PostgreSQL COPY from CSV with delimiter "|"

please, can anyone help me to solve this problem?
I'd like to create a table in Postgres database with data from CSV file with delimiter "|", while trying to use the command COPY (or Import) I get this error:
ERROR: extra data after last expected column
CONTEXT: COPY twitter, line 2: ""Sono da Via Martignacco
http://t.co/NUC6MP0z|"<a href=""http://foursquare.com"" rel=""nofollow"">f..."
The first 2 lines of CSV:
txt|"source"|"ulang"|"coords"|"tweettime_wtz"|"country"|"id"|"userid"|"in_reply_user_id"|"in_reply_status_id"|"uname"|"ucreationdate"|"utimezone"|"followers_count"|"friends_count"|"x_coords"|"y_coords"
Sono da Via Martignacco http://t.co/NUC6MP0z|"foursquare"|"it"|"0101000020E6100000191CA9E7726F2A4026C1E1269F094740"|"2012-05-13 10:00:45+02"|112|201582743333777411|35445264|""|""|"toffo93"|"2009-04-26 11:00:03"|"Rome"|1044|198|13.21767353|46.07516943
For this data I have created in Postgres a table "Twitter"
CREATE TABLE public.twitter
(
txt character varying(255),
source character varying(255),
ulang character varying(255),
coords geometry(Point,4326),
tweettime_wtz character varying(255),
country integer,
userid integer NOT NULL,
in_reply_user_id character varying(255),
in_reply_status_id character varying(255),
uname character varying(255),
ucreationdate character varying(255),
utimezone character varying(255),
followers_count integer,
friends_count integer,
x_coords numeric,
y_coords numeric,
CONSTRAINT id PRIMARY KEY (userid)
)
WITH (
OIDS=FALSE
);
ALTER TABLE public.twitter
OWNER TO postgres;
Any ideas, guys?
The destination table contain 16 column, but your file contain have 17 column.

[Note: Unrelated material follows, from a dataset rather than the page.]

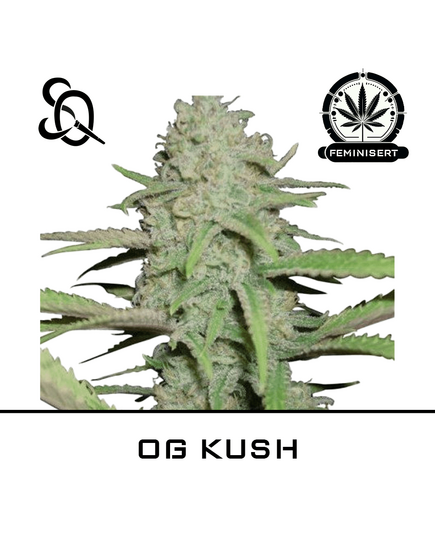 Product_OG Kush_Cannadusa_Marketplace_Buy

It seems to be the id field who is missing.
try to set you table as:
CREATE TABLE public.twitter
(
txt character varying(255),
source character varying(255),
ulang character varying(255),
coords geometry(Point,4326),
tweettime_wtz character varying(255),
country integer,
id character varying,
userid integer NOT NULL,
in_reply_user_id character varying(255),
in_reply_status_id character varying(255),
uname character varying(255),
ucreationdate character varying(255),
utimezone character varying(255),
followers_count integer,
friends_count integer,
x_coords numeric,
y_coords numeric,
CONSTRAINT twitter_pk PRIMARY KEY (userid)
)
WITH (
OIDS=FALSE
);
Change the data type of the id field as you need it.
My solution:
So the problem was in my CSV file: it has had invisible signs of quotes. I haven't seen them when I opened CSV in Excel, I saw the lines in this way:
txt|"source"|"ulang"|"coords"|"tweettime_wtz"|"country"|"id"|"userid"|"in_reply_user_id"|"in_reply_status_id"|"uname"|"ucreationdate"|"utimezone"|"followers_count"|"friends_count"|"x_coords"|"y_coords"
Sono da Via Martignacco http://t.co/NUC6MP0z|"foursquare"|"it"|"0101000020E6100000191CA9E7726F2A4026C1E1269F094740"|"2012-05-13 10:00:45+02"|112|201582743333777411|35445264|""|""|"toffo93"|"2009-04-26 11:00:03"|"Rome"|1044|198|13.21767353|46.07516943
But when I opened CSV in notepad I saw it differently:
"txt"|"source"|"ulang"|"coords"|"tweettime_wtz"|"country"|"id"|"userid"|"in_reply_user_id"|"in_reply_status_id"|"uname"|"ucreationdate"|"utimezone"|"followers_count"|"friends_count"|"x_coords"|"y_coords"
"Sono da Via Martignacco http://t.co/NUC6MP0z"|"foursquare"|"it"|"0101000020E6100000191CA9E7726F2A4026C1E1269F094740"|"2012-05-13 10:00:45+02"|112|201582743333777411|35445264|""|""|"toffo93"|"2009-04-26 11:00:03"|"Rome"|1044|198|13.21767353|46.07516943
"
So i should delete all quotes (in Notepad and saving the file as CSV), so that the text became:
txt|source|ulang|coords|tweettime_wtz|country|id|userid|in_reply_user_id|in_reply_status_id|uname|ucreationdate|utimezone|followers_count|friends_count|x_coords|y_coords
Sono da Via Martignacco http://t.co/NUC6MP0z|<a href=http://foursquare.com rel=nofollow>foursquare</a>|it|0101000020E6100000191CA9E7726F2A4026C1E1269F094740|2012-05-13 10:00:45+02|112|201582743333777411|35445264|||toffo93|2009-04-26 11:00:03|Rome|1044|198|13.21767353|46.07516943
Only after this I was able to use Import tool in pgAdmin without any problem!